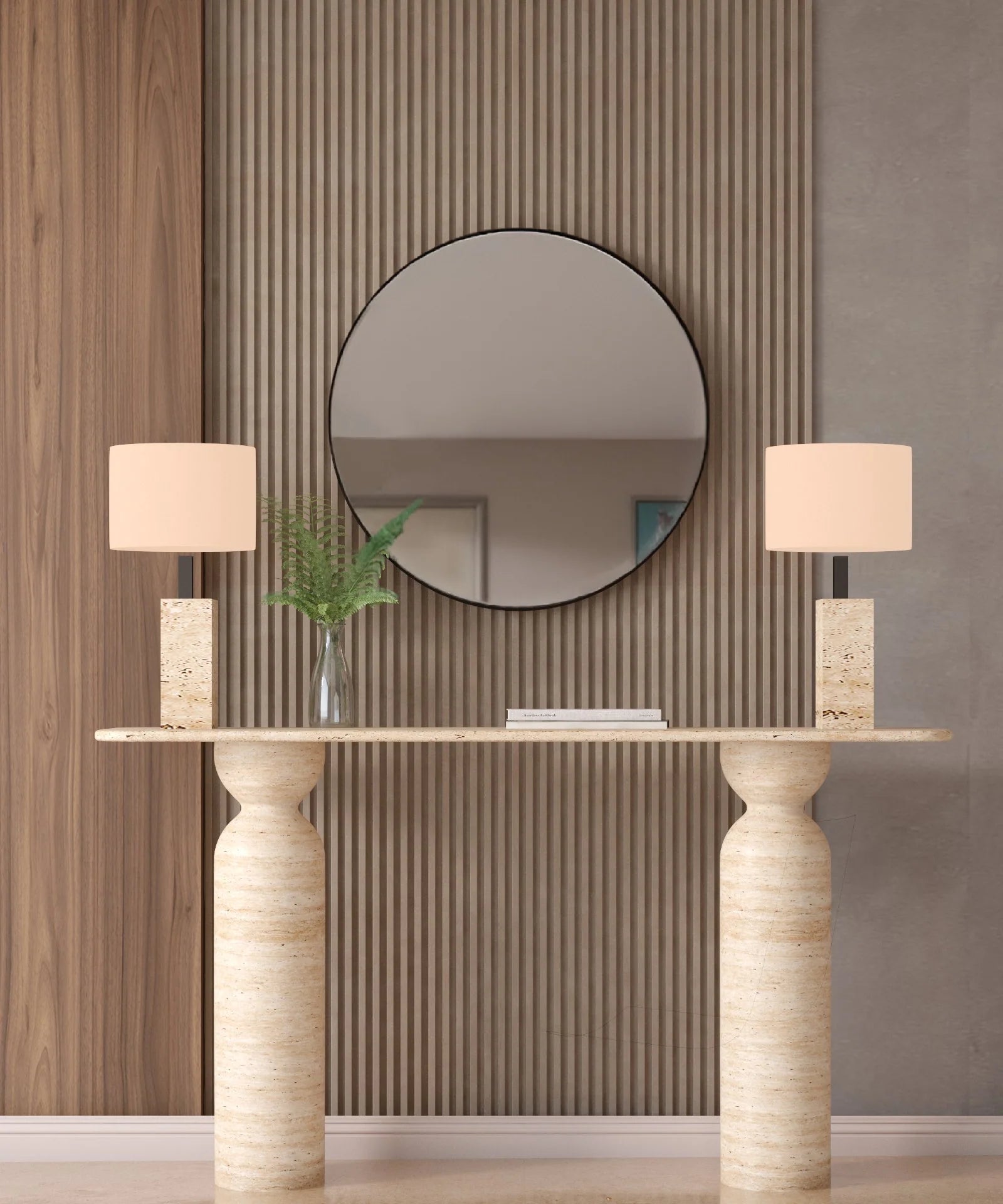 Console en Travertin TERRA COLUMN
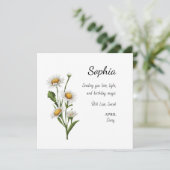 April Daisy Personalized Birthday Kaart (Staand voorkant)
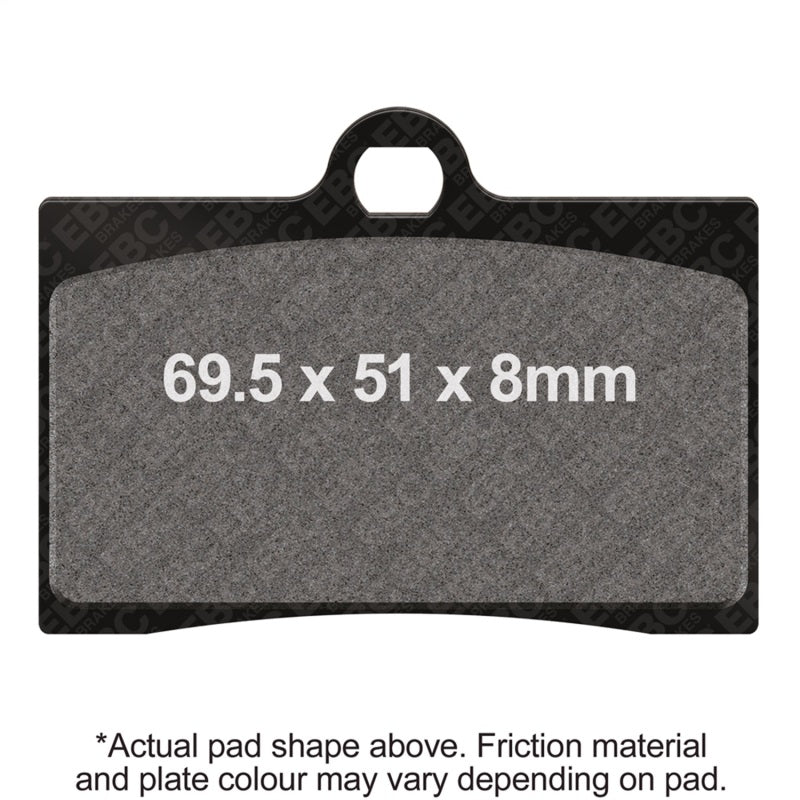EBC Powersports Double-H Sintered HH Brake Pads for Motorcycles - Part FA95HH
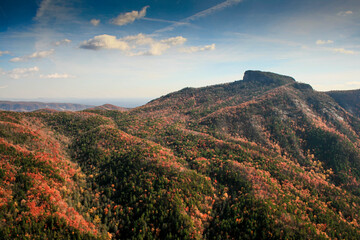 Table Rock, Linville Gorge in Autumn, North Carolina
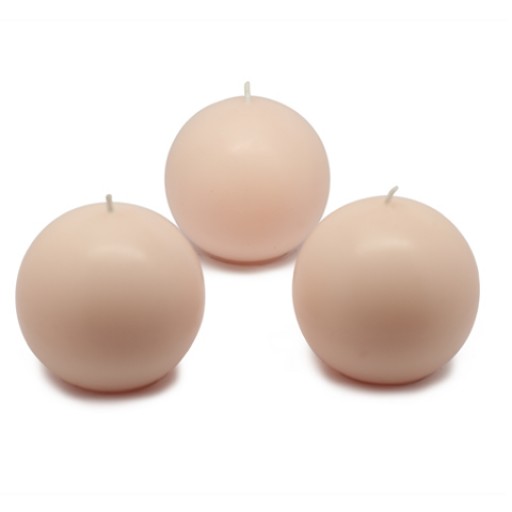 3 Inch Ball Candles (36pcs/Case) Bulk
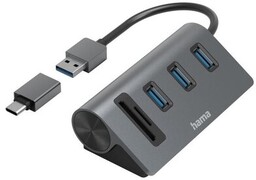 HAMA Stacja dokująca 200140 USB 3.2 Gen. 1,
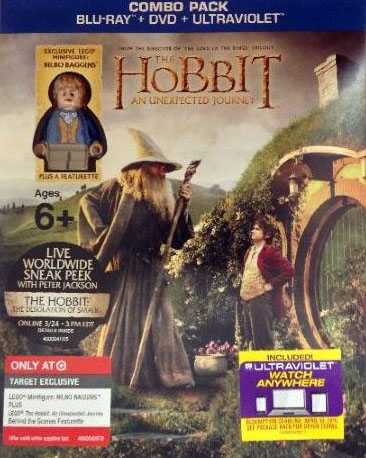 Конструктор LEGO (ЛЕГО) Gear LOTRDVDBD The Hobbit - An Unexpected Journey Blu-ray with Bilbo Baggins Minifigure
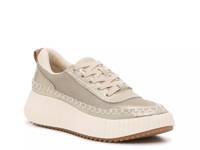 Daran Wedge Sneaker Beige/Pale Gold Metallic view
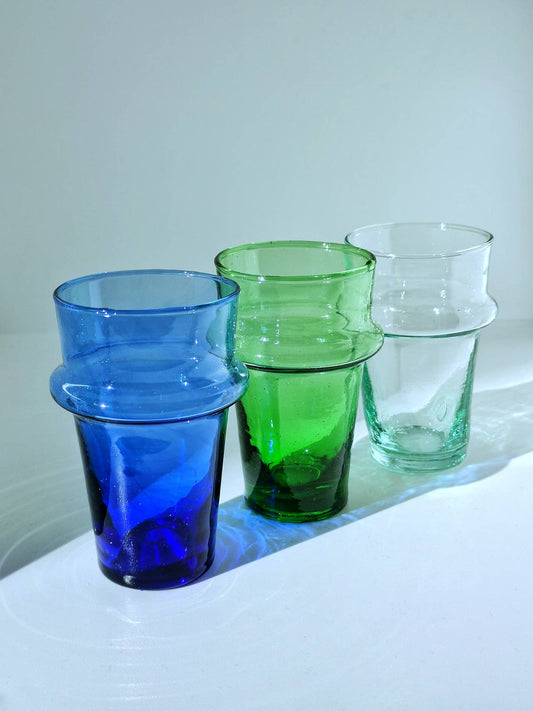 Moroccan Blue Beldi Glass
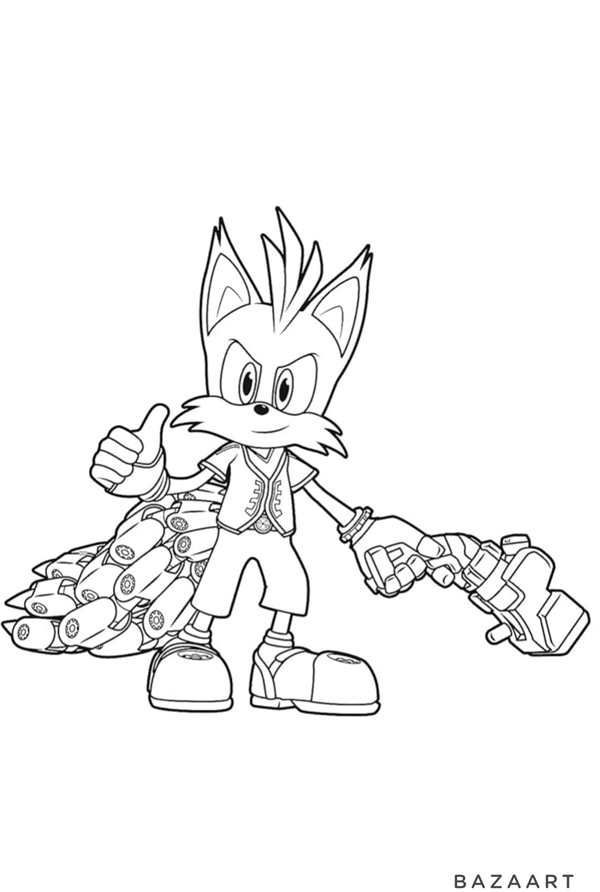 Раскраска Sonic the Hedgehog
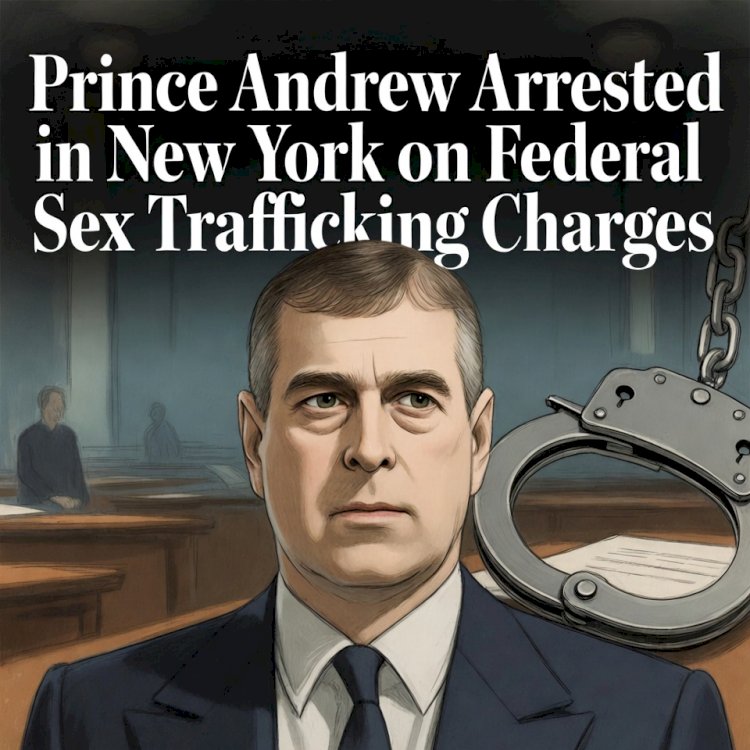 Prince Andrew Arrested in New York on Federal Sex Trafficking Charges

+---+

▸ Work task
With the pictures left out, return each entry exactly as written.

▸ Finished exercise
 Console en Travertin TERRA COLUMN
 April Daisy Personalized Birthday Kaart (Staand voorkant)
EBC Powersports Double-H Sintered HH Brake Pads for Motorcycles - Part FA95HH
 Table Rock, Linville Gorge in Autumn, North Carolina
 3 Inch Ball Candles (36pcs/Case) Bulk
 HAMA Stacja dokująca 200140 USB 3.2 Gen. 1,
 Конструктор LEGO (ЛЕГО) Gear LOTRDVDBD The Hobbit - An Unexpected Journey Blu-ray with Bilbo Baggins Minifigure
 Daran Wedge Sneaker Beige/Pale Gold Metallic view
 Moroccan Blue Beldi Glass
 Раскраска Sonic the Hedgehog
 Prince Andrew Arrested in New York on Federal Sex Trafficking Charges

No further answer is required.